Health Insurance Mandates

on Sep 30 in health care tagged by Trevor Hicks

One of the issues related to establishing universal health care in the US (a principle I support by the way) is the idea of mandating the purchase of health insurance. I have not heard of a state that doesn’t mandate auto insurance for car owners so it wouldn’t be some unprecedented intrusion into private liberty.

Leavitt, Hubbard and Hennessey explain the logic behind mandates in the Wall Street Journal. With laws guaranteeing access to health insurance, the healthy have an incentive to free ride:

Like the homeowner who waits until his house is on fire to buy insurance, younger, poorer, healthier workers will rationally choose to avoid paying high premiums now to subsidize insurance for someone else. After all, they can always get a policy if they get sick.

To avoid this outcome, most congressional Democrats and some Republicans would combine guaranteed issue and community rating with the requirement that all workers buy health insurance—that is, an “individual mandate.” This solves the incentive problem, and guarantees that both the healthy poor 25-year-old and the sick higher-income 55-year-old have heath insurance.

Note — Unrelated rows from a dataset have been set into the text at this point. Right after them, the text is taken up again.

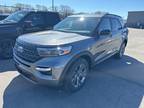 new 2024 Ford Explorer XLT 4D Sport Utility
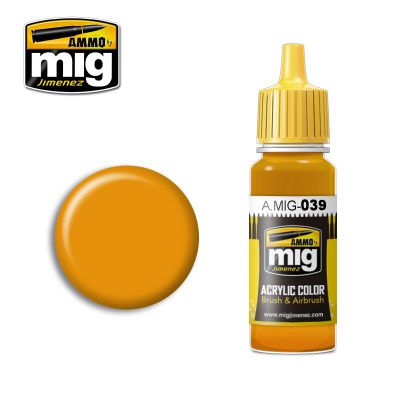 LIGHT RUST 17ML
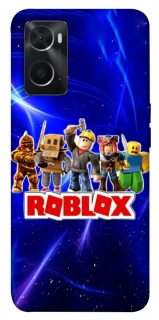 Чохол на Oppo A76 4G Roblox aesthetics фото 1 з 1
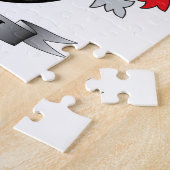 Puzzle Smith-Irlande-Manteau-de-Bras (Côté)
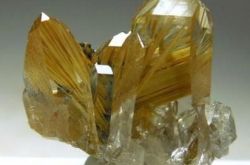 不同种类发晶高清图片 教您认识发晶家族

I’ve remarked before the oddity of progressive wags writing about insurance companies as if they were the devil’s incarnate minions simultaneously considering legislation that would force everyone to buy their products. Now if we were talking about products similar to the auto insurance mandates I referenced above, essentially requirements that catastrophic coverage be purchased, I could probably get behind the idea. But the experience of Massachusetts with health insurance mandates is very different as explained by Megan McArdle:

There are a lot of reasons for that, but one is mandate creep, something that has particularly bedeviled New York.  A mandate essentially becomes an opportunity for various medical service providers groups to pick the pockets of consumers and taxpayers.  They lobby to get their service included in the mandatory package.  Consumers use it, because hey, it’s practically free.  Insurance costs go up–but there’s no reason not to keep on using podiatrists  and massage therapists, because your personal actions will not make a difference in bringing costs down.

In other words, the various rent-seeking corporate interests involved co-opt the regulatory apparatus and turn it to their own benefit.

I’ve complained about both ideas, but there still a reform in here I could support. Create a public plan that offers low-cost catastrophic & chronic (ie something like $100k+) coverage, maybe throw in a loan facility to handle the $10k to $100k events, and then mandate only that people have coverage that meets or exceeds this bare minimum.